Assignment
Every line below should be duplicated exactly.
___ Information supplied ___
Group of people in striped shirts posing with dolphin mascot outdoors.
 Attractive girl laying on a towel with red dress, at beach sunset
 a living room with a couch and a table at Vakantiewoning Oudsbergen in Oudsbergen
___
Task response
Group of people in striped shirts posing with dolphin mascot outdoors.
 Attractive girl laying on a towel with red dress, at beach sunset
 a living room with a couch and a table at Vakantiewoning Oudsbergen in Oudsbergen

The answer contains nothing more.